Come Sunday night, another forgetful Miami Dolphins season will be in the books. This latest edition of Dolphins football is just the most recent in a long line of sub-.500 seasons full of broken promises, crushed hopes, wasted opportunities, and TMZ-ready drama.
In short: This season was just about everything you would have expected from the Miami Dolphins. You totally could have guessed everything that happened.
Even though we could have predicted another crappy Fins season, we did learn a few things from watching the colors flash across our TV screens for 16 weeks. Here they are.
5. The answer is yes. Yes, it can get worse than Ryan Tannehill. So much worse. A lot of Dolphins fans who hated Ryan Tannehill before he missed the entire season with a knee injury probably feel a tad differently after being subjected to 16 weeks of a Jay Cutler and Matt Moore tag team of terribleness. If you loved Tannehill before this season, you really love him now. So much.

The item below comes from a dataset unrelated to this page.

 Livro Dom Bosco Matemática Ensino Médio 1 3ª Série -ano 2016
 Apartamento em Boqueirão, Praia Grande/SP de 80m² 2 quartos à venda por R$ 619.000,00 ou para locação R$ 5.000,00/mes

If 2017 taught Dolphins fans just one thing, it's that they shouldn't go demanding Tannehill be kicked to the curb before they're quite sure the Fins have someone better. For now, they definitely don't. The Dolphins will almost assuredly work on that weakness this offseason, but for now, we'll be happy to see Tannehill's face again come next August.
4. Adam Gase is no offensive guru or the Dolphins' savior. We all got bamboozled by Adam Gaze. He's a South Florida boondoggle that is topped only by Marlins Park. For a man who was advertised as an offensive genius, Gase certainly hasn't proven to be anything special as a play caller. Things have gotten worse since he arrived, which is quite amazing because they were lousy before his arrival.
It could have been argued before the season that the Dolphins had more weaponry on the offensive side of the ball than they've had in years, yet for a heaping handful of games, the team had a big fat "0" on the scoreboard for a majority of minutes.
Gase is a fraud with a bad attitude. He has proven nothing in the NFL yet answers the media's questions as if they shouldn't dare question the method to his madness. Any other franchise would deserve more, but with the Dolphins, four seasons of mediocrity are required before someone else arrives to not fix it.
3. The Dolphins will probably need to keep Jarvis Landry. Whether they franchise-tag Landry and pay him the average that the top five wide receivers in the NFL are making next season or sign him to a long-term deal, it's become apparent the Dolphins will need Jarvis Landry. Why,
DeVante Parker is a constantly injured tease, and Kenny Stills is an overpaid one-trick pony. If the Dolphins won't pay Landry what he's worth, it's probably because they're considering a complete rebuild.
2. Hard Rock Stadium is capable of providing an amazing home-field advantage. We weren't entirely sure if Hard Rock Stadium could live up to the Orange Bowl, where teams whimpered at the thought of having to play a road game, but the University of Miami Hurricanes proved that's indeed possible this season. The Dolphins? Yeah, we're still waiting for it to be proven possible on Sundays.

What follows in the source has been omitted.